#### Records for this task ####

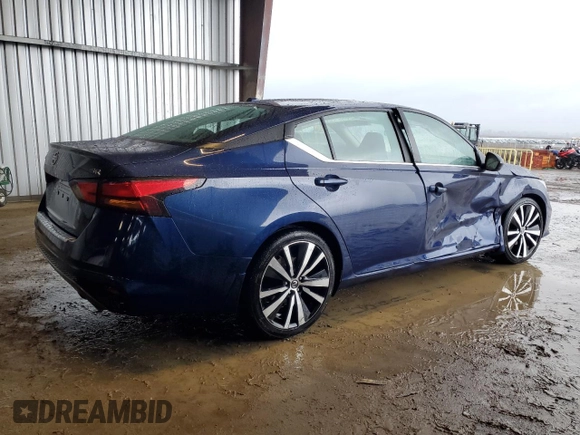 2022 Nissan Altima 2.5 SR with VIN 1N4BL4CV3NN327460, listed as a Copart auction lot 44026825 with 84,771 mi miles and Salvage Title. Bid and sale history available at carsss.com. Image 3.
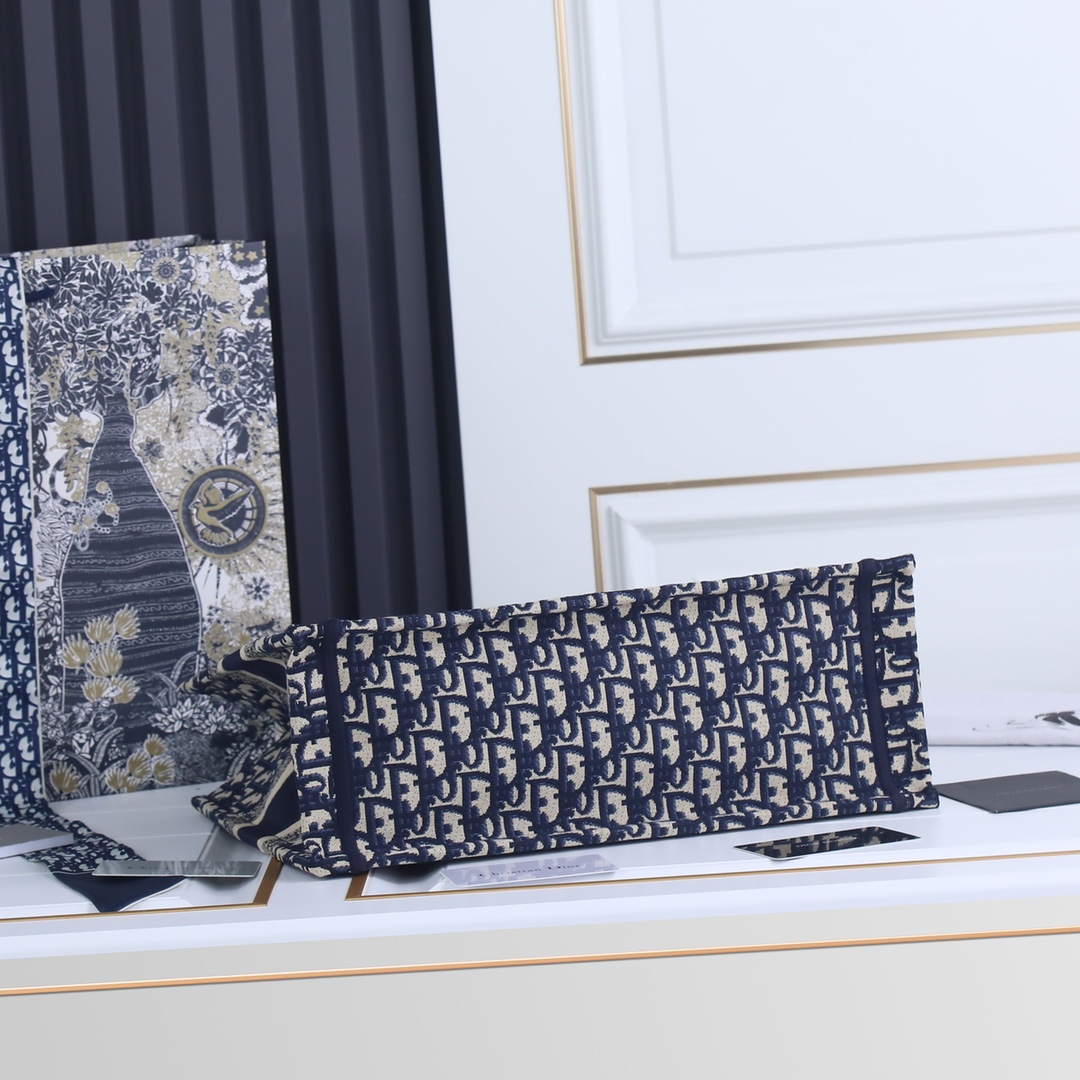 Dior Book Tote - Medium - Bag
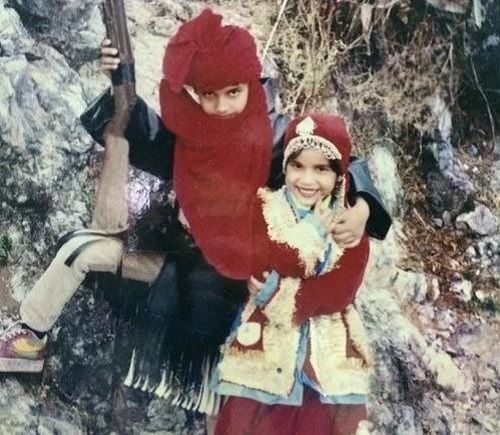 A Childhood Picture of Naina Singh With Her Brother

####
#### Records for this task ####

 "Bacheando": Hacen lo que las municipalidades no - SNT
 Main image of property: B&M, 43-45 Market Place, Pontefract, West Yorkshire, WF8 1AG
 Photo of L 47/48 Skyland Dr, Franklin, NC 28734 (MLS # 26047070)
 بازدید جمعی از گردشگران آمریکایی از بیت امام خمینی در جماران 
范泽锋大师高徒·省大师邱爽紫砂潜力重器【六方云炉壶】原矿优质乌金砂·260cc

####

** About this task **
Which lines above run from the one containing "بازدید جمعی از" to the one containing "范泽锋大师高徒·省大师邱爽紫砂潜力重器【六方云炉壶】原矿优质乌金砂·260cc"? Give them again exactly, both ends included.

** Your response **
 بازدید جمعی از گردشگران آمریکایی از بیت امام خمینی در جماران 
范泽锋大师高徒·省大师邱爽紫砂潜力重器【六方云炉壶】原矿优质乌金砂·260cc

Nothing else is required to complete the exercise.